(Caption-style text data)
==========

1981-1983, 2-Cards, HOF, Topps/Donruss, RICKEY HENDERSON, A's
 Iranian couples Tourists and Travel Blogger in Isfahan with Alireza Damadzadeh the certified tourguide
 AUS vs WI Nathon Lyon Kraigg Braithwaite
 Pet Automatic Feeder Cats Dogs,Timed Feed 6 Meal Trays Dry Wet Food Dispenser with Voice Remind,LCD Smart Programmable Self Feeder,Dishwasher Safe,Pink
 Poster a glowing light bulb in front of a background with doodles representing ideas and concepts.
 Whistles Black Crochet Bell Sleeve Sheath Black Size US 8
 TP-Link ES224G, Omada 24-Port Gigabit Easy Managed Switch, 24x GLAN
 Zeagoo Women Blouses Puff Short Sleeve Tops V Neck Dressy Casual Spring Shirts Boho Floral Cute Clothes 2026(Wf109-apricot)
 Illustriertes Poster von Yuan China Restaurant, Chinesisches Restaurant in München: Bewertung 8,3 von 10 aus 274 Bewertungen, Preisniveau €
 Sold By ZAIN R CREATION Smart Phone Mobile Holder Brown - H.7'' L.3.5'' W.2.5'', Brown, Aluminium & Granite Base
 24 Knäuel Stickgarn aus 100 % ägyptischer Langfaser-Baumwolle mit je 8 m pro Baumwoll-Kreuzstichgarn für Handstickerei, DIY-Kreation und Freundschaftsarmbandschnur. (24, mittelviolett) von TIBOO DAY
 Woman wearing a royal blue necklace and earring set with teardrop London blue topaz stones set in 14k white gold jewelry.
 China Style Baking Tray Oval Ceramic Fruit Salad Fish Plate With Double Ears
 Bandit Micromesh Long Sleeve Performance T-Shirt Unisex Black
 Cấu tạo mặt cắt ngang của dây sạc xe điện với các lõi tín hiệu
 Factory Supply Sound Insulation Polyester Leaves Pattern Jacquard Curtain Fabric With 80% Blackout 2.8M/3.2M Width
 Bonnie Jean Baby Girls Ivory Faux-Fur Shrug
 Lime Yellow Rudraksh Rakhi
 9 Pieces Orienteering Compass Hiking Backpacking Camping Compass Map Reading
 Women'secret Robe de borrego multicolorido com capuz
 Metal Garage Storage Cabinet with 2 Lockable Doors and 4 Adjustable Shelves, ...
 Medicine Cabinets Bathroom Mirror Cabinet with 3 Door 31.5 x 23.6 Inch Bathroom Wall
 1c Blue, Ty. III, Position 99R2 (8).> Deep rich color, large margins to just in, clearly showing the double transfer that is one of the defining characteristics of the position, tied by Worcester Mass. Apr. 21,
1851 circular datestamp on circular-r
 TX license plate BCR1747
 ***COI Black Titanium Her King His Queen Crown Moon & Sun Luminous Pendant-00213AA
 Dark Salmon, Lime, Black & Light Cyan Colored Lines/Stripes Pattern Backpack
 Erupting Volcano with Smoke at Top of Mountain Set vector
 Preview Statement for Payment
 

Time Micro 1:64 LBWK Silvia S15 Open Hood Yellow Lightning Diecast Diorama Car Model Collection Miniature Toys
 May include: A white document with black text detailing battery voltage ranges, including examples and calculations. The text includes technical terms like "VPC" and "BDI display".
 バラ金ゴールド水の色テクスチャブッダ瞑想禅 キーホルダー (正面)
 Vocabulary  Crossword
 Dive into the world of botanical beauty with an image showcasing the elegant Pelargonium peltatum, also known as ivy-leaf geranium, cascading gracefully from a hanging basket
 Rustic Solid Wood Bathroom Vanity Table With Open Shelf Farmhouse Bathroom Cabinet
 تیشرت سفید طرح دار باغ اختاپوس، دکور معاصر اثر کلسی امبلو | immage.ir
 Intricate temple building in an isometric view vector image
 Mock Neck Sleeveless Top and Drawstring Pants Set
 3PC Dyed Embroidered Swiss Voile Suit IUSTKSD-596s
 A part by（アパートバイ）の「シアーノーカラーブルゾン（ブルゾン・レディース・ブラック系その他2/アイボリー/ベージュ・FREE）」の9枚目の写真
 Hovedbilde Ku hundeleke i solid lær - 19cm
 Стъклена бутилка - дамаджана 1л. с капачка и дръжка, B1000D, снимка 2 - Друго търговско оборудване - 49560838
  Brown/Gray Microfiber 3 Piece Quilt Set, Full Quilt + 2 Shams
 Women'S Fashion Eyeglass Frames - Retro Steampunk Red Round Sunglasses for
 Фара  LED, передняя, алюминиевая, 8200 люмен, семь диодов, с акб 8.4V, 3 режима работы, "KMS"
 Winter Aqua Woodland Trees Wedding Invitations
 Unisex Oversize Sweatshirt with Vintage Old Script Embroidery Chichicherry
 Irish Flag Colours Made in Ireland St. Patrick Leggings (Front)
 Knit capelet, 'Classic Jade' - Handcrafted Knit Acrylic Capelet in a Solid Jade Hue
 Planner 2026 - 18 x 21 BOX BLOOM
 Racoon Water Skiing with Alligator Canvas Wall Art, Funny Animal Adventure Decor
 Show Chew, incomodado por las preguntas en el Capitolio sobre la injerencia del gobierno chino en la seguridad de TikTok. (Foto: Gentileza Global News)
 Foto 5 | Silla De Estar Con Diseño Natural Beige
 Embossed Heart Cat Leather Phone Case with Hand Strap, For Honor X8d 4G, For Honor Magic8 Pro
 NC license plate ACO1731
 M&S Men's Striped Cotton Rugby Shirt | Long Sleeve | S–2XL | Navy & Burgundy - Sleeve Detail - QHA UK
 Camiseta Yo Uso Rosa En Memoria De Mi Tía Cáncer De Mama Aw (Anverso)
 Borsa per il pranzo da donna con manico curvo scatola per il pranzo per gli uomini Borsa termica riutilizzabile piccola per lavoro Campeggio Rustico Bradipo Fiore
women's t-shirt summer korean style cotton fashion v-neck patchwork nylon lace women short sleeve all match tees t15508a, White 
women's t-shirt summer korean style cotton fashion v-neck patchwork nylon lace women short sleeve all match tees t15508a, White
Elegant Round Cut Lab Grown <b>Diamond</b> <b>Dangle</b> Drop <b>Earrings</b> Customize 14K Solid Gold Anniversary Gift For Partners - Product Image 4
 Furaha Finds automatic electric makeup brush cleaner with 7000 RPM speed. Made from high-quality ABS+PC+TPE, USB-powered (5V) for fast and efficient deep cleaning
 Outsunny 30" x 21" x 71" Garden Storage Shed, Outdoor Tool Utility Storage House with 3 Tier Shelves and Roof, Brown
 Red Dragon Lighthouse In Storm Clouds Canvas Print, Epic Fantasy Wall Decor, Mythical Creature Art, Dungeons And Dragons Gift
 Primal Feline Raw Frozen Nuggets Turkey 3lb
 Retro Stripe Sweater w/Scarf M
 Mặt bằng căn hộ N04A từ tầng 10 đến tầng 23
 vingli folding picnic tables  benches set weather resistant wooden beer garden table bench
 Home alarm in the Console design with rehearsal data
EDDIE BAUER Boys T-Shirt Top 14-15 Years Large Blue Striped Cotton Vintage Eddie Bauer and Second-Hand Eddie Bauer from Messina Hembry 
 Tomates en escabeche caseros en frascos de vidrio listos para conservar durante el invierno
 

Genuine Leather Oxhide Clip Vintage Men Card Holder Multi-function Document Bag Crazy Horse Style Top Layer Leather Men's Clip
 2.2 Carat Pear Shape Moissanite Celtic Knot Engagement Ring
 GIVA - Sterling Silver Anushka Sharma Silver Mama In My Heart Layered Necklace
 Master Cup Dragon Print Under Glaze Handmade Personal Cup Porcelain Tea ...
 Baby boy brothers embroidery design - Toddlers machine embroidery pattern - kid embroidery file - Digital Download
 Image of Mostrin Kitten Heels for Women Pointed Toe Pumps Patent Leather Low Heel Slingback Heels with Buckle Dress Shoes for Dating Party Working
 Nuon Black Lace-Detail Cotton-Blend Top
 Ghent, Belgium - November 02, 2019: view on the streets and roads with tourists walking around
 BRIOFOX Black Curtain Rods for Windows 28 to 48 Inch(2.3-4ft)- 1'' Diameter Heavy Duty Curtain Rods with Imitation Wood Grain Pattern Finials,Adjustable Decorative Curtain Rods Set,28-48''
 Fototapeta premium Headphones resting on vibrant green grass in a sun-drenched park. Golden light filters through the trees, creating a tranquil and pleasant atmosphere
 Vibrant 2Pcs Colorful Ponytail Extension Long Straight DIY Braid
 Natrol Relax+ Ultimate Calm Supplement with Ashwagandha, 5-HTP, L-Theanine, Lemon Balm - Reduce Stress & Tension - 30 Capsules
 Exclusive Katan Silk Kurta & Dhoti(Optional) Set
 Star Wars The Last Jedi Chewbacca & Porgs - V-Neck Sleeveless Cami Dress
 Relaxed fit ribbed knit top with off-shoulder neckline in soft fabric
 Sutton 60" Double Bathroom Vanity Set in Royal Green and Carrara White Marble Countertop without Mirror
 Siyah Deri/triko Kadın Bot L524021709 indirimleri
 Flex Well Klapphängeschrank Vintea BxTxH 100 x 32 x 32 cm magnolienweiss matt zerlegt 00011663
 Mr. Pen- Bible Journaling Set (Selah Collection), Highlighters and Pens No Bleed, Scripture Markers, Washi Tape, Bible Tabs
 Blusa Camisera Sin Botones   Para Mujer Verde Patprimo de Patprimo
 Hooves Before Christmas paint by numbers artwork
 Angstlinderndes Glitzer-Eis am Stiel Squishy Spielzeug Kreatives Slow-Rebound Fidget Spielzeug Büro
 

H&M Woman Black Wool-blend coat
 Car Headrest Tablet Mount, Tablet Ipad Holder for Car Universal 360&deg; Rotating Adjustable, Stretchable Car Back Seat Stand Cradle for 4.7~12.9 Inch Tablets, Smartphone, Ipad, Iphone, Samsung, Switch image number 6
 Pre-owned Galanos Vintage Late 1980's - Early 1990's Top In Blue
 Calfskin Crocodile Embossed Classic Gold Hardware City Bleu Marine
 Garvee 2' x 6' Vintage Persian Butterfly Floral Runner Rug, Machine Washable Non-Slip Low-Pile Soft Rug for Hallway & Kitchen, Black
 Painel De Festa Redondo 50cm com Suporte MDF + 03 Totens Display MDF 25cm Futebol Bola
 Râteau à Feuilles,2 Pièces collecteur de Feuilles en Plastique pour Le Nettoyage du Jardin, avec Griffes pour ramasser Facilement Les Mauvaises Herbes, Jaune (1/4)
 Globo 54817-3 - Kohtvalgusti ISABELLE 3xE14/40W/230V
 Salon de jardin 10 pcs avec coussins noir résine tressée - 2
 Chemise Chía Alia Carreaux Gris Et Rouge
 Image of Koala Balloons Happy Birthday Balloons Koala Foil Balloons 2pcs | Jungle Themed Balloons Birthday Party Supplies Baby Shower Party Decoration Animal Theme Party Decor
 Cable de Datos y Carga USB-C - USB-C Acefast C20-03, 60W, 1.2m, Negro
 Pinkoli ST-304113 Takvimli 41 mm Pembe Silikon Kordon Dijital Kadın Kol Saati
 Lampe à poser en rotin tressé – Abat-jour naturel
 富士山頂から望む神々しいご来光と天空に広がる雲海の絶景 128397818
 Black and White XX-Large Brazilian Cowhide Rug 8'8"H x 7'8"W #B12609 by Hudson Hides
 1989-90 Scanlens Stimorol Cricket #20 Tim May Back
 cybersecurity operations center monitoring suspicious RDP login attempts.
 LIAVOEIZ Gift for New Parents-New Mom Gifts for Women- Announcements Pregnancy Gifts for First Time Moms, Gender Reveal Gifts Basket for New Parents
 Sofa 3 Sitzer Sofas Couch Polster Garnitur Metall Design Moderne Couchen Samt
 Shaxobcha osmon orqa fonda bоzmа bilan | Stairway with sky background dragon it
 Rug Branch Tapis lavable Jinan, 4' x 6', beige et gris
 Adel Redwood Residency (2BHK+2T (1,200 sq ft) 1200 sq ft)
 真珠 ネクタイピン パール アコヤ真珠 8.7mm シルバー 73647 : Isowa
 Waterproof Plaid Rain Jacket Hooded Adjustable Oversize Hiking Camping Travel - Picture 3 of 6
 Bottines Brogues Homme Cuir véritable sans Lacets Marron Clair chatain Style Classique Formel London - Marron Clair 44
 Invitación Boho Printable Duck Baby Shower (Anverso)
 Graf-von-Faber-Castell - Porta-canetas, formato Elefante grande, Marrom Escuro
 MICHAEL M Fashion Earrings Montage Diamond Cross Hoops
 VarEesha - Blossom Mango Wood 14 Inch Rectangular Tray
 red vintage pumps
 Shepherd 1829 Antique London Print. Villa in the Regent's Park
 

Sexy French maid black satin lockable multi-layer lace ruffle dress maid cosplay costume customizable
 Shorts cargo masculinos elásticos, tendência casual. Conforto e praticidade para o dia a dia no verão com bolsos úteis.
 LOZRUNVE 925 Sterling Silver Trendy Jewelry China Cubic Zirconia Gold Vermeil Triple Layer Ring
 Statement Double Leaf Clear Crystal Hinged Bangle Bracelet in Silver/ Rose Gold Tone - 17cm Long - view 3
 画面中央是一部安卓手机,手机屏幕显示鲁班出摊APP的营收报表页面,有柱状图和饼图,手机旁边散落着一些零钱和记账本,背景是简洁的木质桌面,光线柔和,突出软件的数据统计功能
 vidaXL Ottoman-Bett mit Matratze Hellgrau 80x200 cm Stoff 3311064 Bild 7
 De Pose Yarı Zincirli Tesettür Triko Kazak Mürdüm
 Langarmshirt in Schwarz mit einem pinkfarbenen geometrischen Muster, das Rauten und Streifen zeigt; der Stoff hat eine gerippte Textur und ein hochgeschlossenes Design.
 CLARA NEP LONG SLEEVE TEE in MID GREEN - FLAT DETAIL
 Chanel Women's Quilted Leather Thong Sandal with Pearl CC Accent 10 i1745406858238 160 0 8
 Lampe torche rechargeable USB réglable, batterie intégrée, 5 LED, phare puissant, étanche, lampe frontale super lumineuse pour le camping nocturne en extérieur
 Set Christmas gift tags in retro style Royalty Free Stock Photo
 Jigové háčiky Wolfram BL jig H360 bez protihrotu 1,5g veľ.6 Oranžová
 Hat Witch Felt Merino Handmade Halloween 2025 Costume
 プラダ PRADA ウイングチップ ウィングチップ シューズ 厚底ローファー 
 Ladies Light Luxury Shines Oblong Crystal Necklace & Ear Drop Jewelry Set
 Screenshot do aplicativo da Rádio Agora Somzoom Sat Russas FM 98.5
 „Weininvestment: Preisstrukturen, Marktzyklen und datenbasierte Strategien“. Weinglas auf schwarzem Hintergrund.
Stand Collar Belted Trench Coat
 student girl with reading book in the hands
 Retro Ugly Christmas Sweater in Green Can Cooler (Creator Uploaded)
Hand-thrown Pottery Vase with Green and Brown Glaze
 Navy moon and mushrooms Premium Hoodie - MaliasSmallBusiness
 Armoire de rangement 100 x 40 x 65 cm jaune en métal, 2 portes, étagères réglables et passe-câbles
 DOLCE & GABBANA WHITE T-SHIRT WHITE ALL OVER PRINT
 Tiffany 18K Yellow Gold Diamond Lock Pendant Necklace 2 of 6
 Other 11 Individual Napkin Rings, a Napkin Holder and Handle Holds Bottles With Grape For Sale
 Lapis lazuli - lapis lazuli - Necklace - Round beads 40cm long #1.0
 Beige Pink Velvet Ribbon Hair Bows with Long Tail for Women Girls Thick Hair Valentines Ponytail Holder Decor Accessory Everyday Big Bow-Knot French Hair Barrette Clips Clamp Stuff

==========

Could you transcribe the entries above word for word, from the line with "Hooves Before Christmas" down to the line with "Black and White", keeping both?

 Hooves Before Christmas paint by numbers artwork
 Angstlinderndes Glitzer-Eis am Stiel Squishy Spielzeug Kreatives Slow-Rebound Fidget Spielzeug Büro
 

H&M Woman Black Wool-blend coat
 Car Headrest Tablet Mount, Tablet Ipad Holder for Car Universal 360&deg; Rotating Adjustable, Stretchable Car Back Seat Stand Cradle for 4.7~12.9 Inch Tablets, Smartphone, Ipad, Iphone, Samsung, Switch image number 6
 Pre-owned Galanos Vintage Late 1980's - Early 1990's Top In Blue
 Calfskin Crocodile Embossed Classic Gold Hardware City Bleu Marine
 Garvee 2' x 6' Vintage Persian Butterfly Floral Runner Rug, Machine Washable Non-Slip Low-Pile Soft Rug for Hallway & Kitchen, Black
 Painel De Festa Redondo 50cm com Suporte MDF + 03 Totens Display MDF 25cm Futebol Bola
 Râteau à Feuilles,2 Pièces collecteur de Feuilles en Plastique pour Le Nettoyage du Jardin, avec Griffes pour ramasser Facilement Les Mauvaises Herbes, Jaune (1/4)
 Globo 54817-3 - Kohtvalgusti ISABELLE 3xE14/40W/230V
 Salon de jardin 10 pcs avec coussins noir résine tressée - 2
 Chemise Chía Alia Carreaux Gris Et Rouge
 Image of Koala Balloons Happy Birthday Balloons Koala Foil Balloons 2pcs | Jungle Themed Balloons Birthday Party Supplies Baby Shower Party Decoration Animal Theme Party Decor
 Cable de Datos y Carga USB-C - USB-C Acefast C20-03, 60W, 1.2m, Negro
 Pinkoli ST-304113 Takvimli 41 mm Pembe Silikon Kordon Dijital Kadın Kol Saati
 Lampe à poser en rotin tressé – Abat-jour naturel
 富士山頂から望む神々しいご来光と天空に広がる雲海の絶景 128397818
 Black and White XX-Large Brazilian Cowhide Rug 8'8"H x 7'8"W #B12609 by Hudson Hides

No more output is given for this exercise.